Bluthochdruck, Bewegungsmangel, ungünstige Blutfettwerte, Ernährung, das Verhältnis von Taillen- und Hüftumfang, Rauchen, psychosoziale Faktoren, Alkohol, kardiale Erkrankungen und Diabetes mellitus – diese zehn Risikofaktoren sind zusammen für 90 Prozent aller Schlaganfälle verantwortlich. "Die meisten davon sind vermeidbar und mit verstärkten Bemühungen in der Prävention könnten zahlreiche Menschenleben gerettet werden", sagt Peter Sommer von der Krankenanstalt Rudolfstiftung.

Weil die meisten Risikofaktoren von Schlaganfällen also vermeidbar sind, steht der diesjährige Welt-Schlaganfall-Tag (29. Oktober) unter dem Motto der Schlaganfall-Prävention. "Die Zahl der Betroffenen steigt weltweit weiter an", so Sommer. "Es ist höchste Zeit, die Bemühungen zur Vorbeugung deutlich zu erhöhen."

Typische Risikofaktoren

In Österreich erleiden jedes Jahr etwa 24.000 Menschen einen Schlaganfall. Ein Fünftel der Frauen und ein Sechstel der Männer sind im Lauf ihres Lebens davon betroffen.
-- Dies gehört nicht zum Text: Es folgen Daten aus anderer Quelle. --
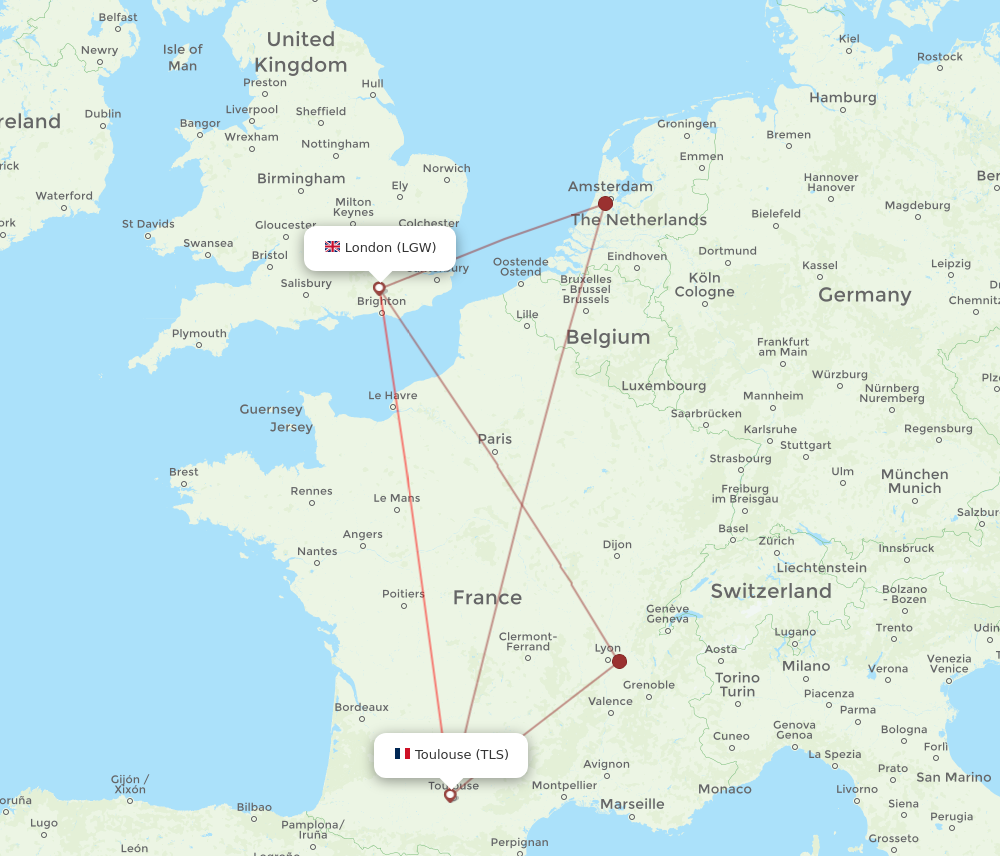 TLS to LGW flights and routes map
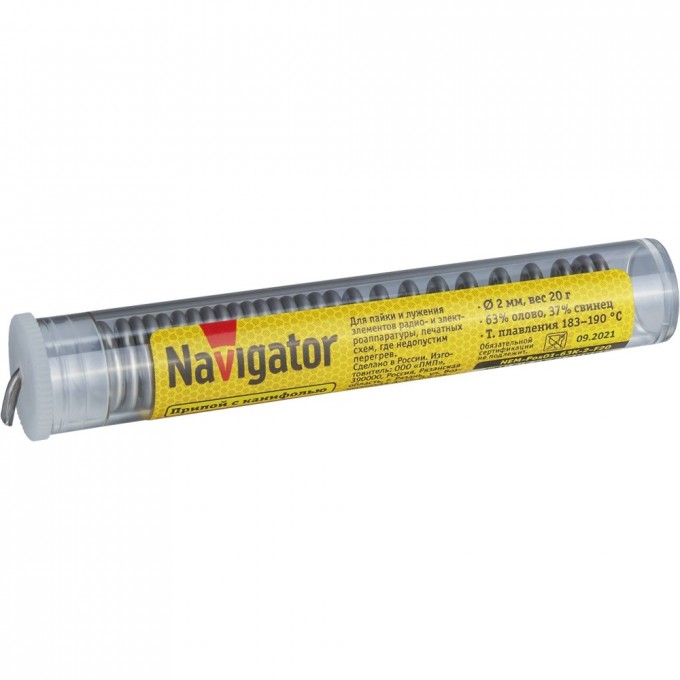 Припой с канифолью NAVIGATOR (POS-63, KOLBA, 2 MM, 20 GR) NEM-Pos01-63K-2-F20 Припой с канифолью NAVIGATOR (POS-63, KOLBA, 2 MM, 20 GR) NEM-Pos01-63K-2-F20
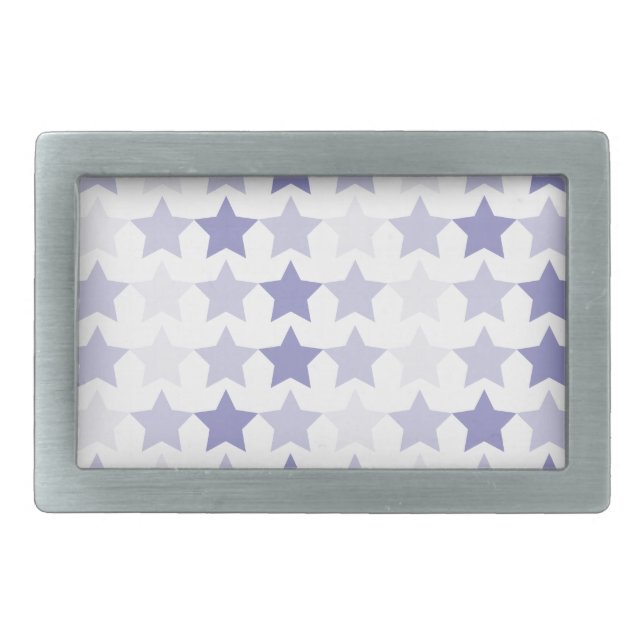 Patriotic Blue Ombre Stars Rectangular Belt Buckle (Front)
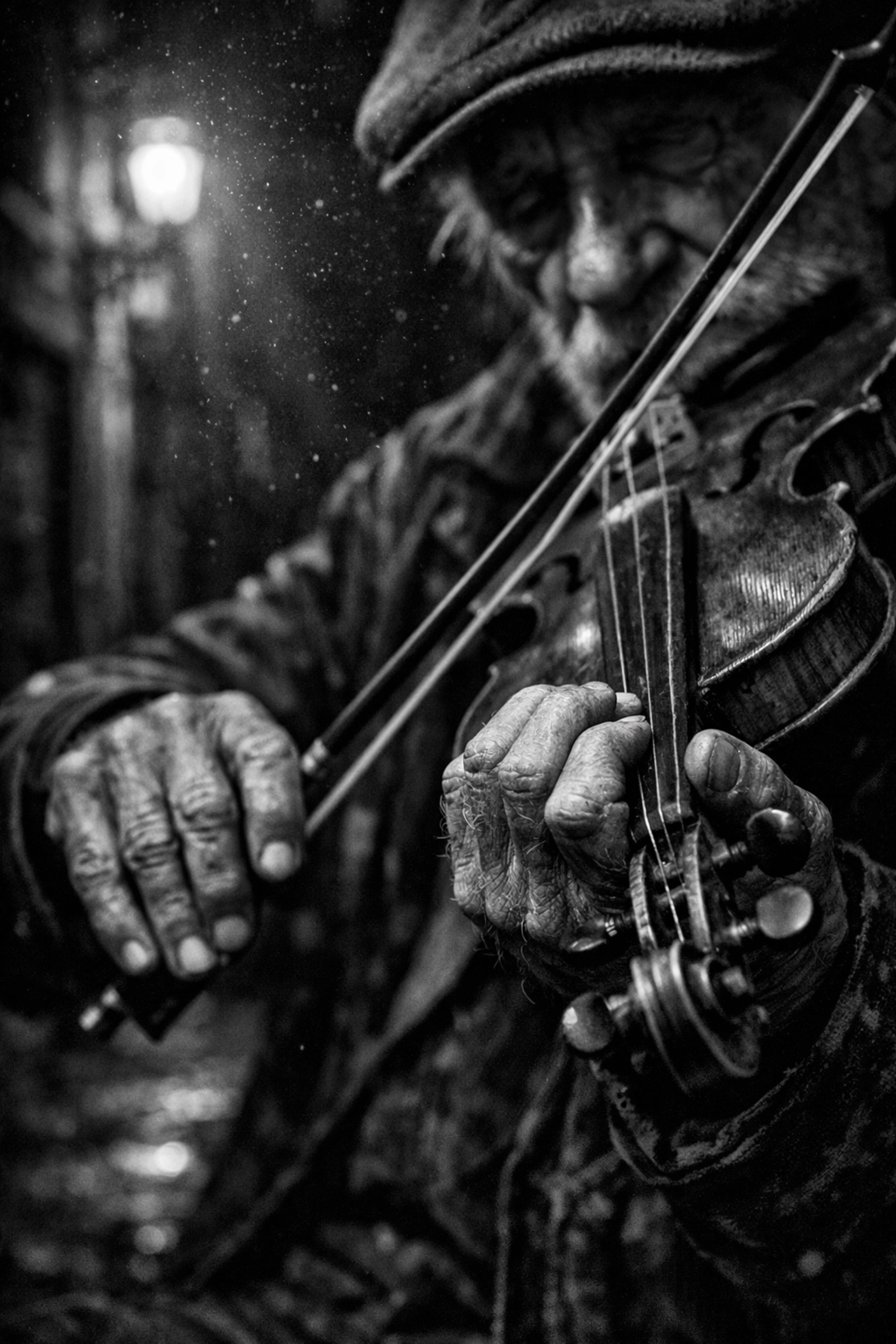 Black and white street photography of a musician's hands, capturing storytelling ideas and examples.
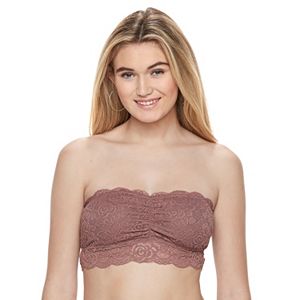 Juniors' Mudd® Ruched Lace Bandeau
In beinahe allen Fällen lassen sich die Risikofaktoren bereits lange davor identifizieren:

  • Fast jeder zweite Betroffene hat Bluthochdruck
  • Mehr als ein Drittel hat einen bewegungsarmen Lebensstil
  • Rund ein Viertel ernährt sich schlecht und isst nicht genügend Obst und Gemüse
  • Rund ein Viertel hat erhöhte LDL-Cholesterin-Werte
  • Einer von fünf hat Übergewicht
  • Jeder Zehnte ist Raucher
  • Neun Prozent leiden unter Vorhofflimmern, der häufigsten Herzrhythmus-Störung, oder einer anderen Herzkrankheit

Lebensstil-Änderungen erforderlich

Auch wenn diese Risikofaktoren schon längst bekannt sind, hat das bisher kaum zur Änderung des Lebensstils beigetragen. "Abgesehen vom Rauchen, wo die gesetzlichen Restriktionen langsam greifen, sind die bekannten Risikofaktoren in den letzten Jahren nicht oder nicht wesentlich zurückgegangen", so. Sommer. "Da haben wir noch viel Aufklärungsarbeit zu leisten.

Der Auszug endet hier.